The greatest gift a parent can give a child, Linda, is the ability to become independently happy.
And the greatest gift a child can give a parent is exercising that ability.
Happily,
The Universe
You gotta love the Universe, so wise. We are on the home stretch here in the Rhia goes to School sweepstakes. Did the shopping, started packing, spent her gift cards (that she needs to mail the thank you notes for, errrghhhh!) You know how you anticipate something for a really long time and then you just get to a point where you just want to get on with it? It's time to move on. I know she feels it. I know I feel it. It's weird. I guess this is maturity where you know things are gonna be tough occasionally but you know they are going to be great occasionally too.
Acceptance. And maybe a bit of excitement. I'm gonna have a kid go to college! (2 kids actually) No one in my family has ever gone to college. My mom didn't go past the 8th grade, my dad the 9th. They come from very poor folk, they had to work and help support their families, there was no time for school. My mom ironed clothes and worked at People's Drug Store, my dad became a welder and eventually became a builder with his own business.
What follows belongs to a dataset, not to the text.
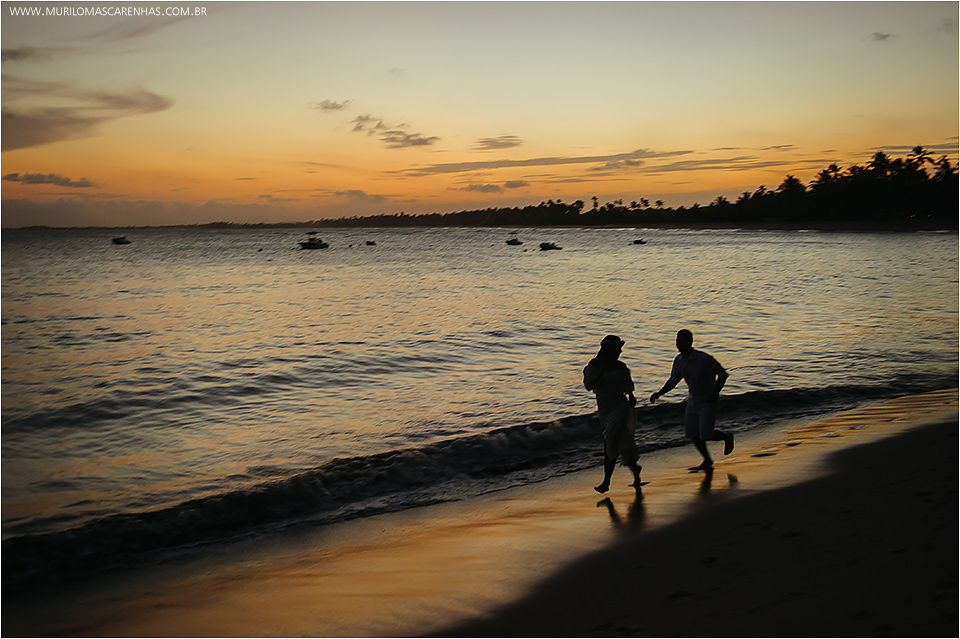 Fotografia de casal apaixonado de Feira de Santana na beira do mar, ensaio pré casamento na Praia do Forte, Bahia. Fotografado por Murilo Mascarenhas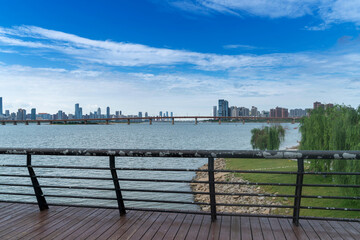 Obraz premium city skyline of business district downtown in daytime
We are blue collar people. My brothers are both construction and HVAC workers. I am of course, a no collar worker. Rhia is the first of my side of the family to actually go away to college and have the whole dorm, well rounded education thing. This is amazing if you think about it.
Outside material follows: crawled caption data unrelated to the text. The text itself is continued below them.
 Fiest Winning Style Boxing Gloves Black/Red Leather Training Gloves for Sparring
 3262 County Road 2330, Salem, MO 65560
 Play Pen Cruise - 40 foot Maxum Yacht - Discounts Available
Barry's family has all been to college and are very wealthy as a result. Doctors, teachers, scientists... To them this is an inevitability. To my family (and me) it is a jaw dropping fantasy. I'm so proud of her. I am so amazed at her perseverance and tenacity in knowing what was (is) best for her and insisting on it. She has a gift of knowing the right thing to do even when everyone, including her parents, are telling her to do something else.
Both of my kids are blessings to this poor ole uneducated yoga teacher. They have the best of both worlds... book learnin' and street smarts or should I say 'heart smarts'? I have always been able to trust that they know the right things even when I don't agree with them. And Thank God, I learned that lesson so early and let them go with their own guts.
When I was 16 I found this poem and it became my blueprint for how I would raise my kids. I pass it on now...
On Children
~Kahlil Gibran
Your children are not your children.
They are the sons and daughters of Life's longing for itself.
They come through you but not from you,
And though they are with you yet they belong not to you.
You may give them your love but not your thoughts,
For they have their own thoughts.
You may house their bodies but not their souls,
For their souls dwell in the house of tomorrow,
which you cannot visit,
not even in your dreams.
You may strive to be like them,
but seek not to make them like you.
For life goes not backward nor tarries with yesterday.
You are the bows from which your children
as living arrows are sent forth.
The archer sees the mark upon the path of the infinite,
and He bends you with His might that His arrows may go swift and far.
Let our bending in the archer's hand be for gladness;
For even as He loves the arrow that flies,
so He loves also the bow that is stable.
2 comments:
Blessings on you my friend as you watch your children become whatever it is that God has planned for them.
Beautiful.
And kuddos to you for raising a smart wise child. I will be sending good wishes you family's way.